Matar, qual è la sua Atlantide, la città perduta?

«Ci sono diverse parti del mondo dove mi sento a casa. Qualcosa accade quando a 5 o 6 anni realizziamo che non siamo soltanto la nostra famiglia, il nostro Paese, o qualsiasi affiliazione, razza, religione, genere... C'è qualcosa che siamo esclusivamente noi. Quando ciò accade, questo luogo, paesaggio, città, diventa non solo solitudine disperata, ma anche riconoscimento della nostra singolarità. A me accade accanto al mare, il Mediterraneo, dove sono cresciuto, a Tripoli. Per me il mare è un luogo molto evocativo, lì mi sento guarito».

Che cosa ci spinge a lasciarci alle spalle qualcosa e a metterci in viaggio?

«La differenza tra essere in esilio ed essere un expat è che chi è in esilio non può ritornare. Negli ultimi 50 anni molti di noi non vivono dove sono nati, ma dove hanno la famiglia, il lavoro... La questione dell'immigrazione è centrale oggi. Molte persone si spostano, e si interrogano in quale luogo costruire le proprie tradizioni, il proprio pensiero, quello che faranno».

Che cosa caratterizza l'amicizia vera?

«L'amicizia è un mistero. Ne abbiamo diverse in differenti momenti e noi siamo differenti con i diversi amici. L'amicizia è un luogo, una stanza. In alcune ci sentiamo innamorati. In altre, la stanza è senza finestre e piccola, ma cambia a seconda di come le persone si comportano. È una struttura sociale dinamica. L'amicizia non è come il matrimonio che prevede un contratto, c'è più sperimentazione, nessuno sa che cosa accadrà. E il miglior modo per rovinare un'amicizia è dire: dobbiamo essere amici così, è un mezzo per ucciderla. L'amicizia è improvvisazione».

La Libia è difficile da capire?

«Non è più difficile da capire che qualsiasi altro Paese. Ogni nazione crea una propria dinamica interna, una piccola famiglia, i membri sembrano simili, ma sono radicalmente differenti. Non penso che i miei amici italiani conoscano bene gli inglesi, o viceversa. Gli italiani ad esempio sono più simili ai libici che ai britannici. La letteratura ci insegna che noi tutti abbiamo molto più in comune che non il contrario. Se leggiamo un romanzo russo dell'Ottocento, vi rimaniamo completamente coinvolti, così come da un romanzo giapponese. La letteratura ci mostra come siamo tutti profondamente connessi. Così se arriviamo in aereo a Napoli e pensiamo sono in un luogo folle, e tutte le solite idee su questa città, non capiremo nulla. Dobbiamo arrivare sui posti ed essere comprensivi, curiosi».

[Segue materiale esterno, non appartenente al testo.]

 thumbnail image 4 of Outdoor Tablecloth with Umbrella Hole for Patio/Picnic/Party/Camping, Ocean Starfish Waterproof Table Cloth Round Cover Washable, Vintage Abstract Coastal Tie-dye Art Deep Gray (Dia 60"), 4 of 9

L'ingenuità ha un cuore fatale?

«È un pensiero di uno dei miei personaggi, Mustafa. I tre amici sono differenti per temperamento. Mustafa è ansioso di essere protetto da minacce. Ho conosciuto persone che hanno lasciato il loro Paese non per scelta, e per loro è difficile rimanere aperti. Mustafa vuole rimanerlo, ma i pericoli lo mettono in ansia».

Perché quello del ritorno è un mito?

«I miei personaggi nel corso della vita sono cambiati e il posto dove ritornare non è più lo stesso. Però ci sono anche situazioni meno estreme. Io per esempio ho amici italiani a Londra che vivono qui da 15 anni e ritornano in Italia una o due volte l'anno. Sono a Londra perché hanno studiato qui, hanno trovato un lavoro, si sono innamorati. Quando hanno figli pensano spesso alla possibilità di un ritorno, ma sanno che andranno verso un posto differente. Loro sono italiani ma sono anche qualcosa di diverso. Come quando metti una crema sulla pelle: assorbe altre cose, i suoni, i ritmi di un posto, la cultura, e così ci si trasforma».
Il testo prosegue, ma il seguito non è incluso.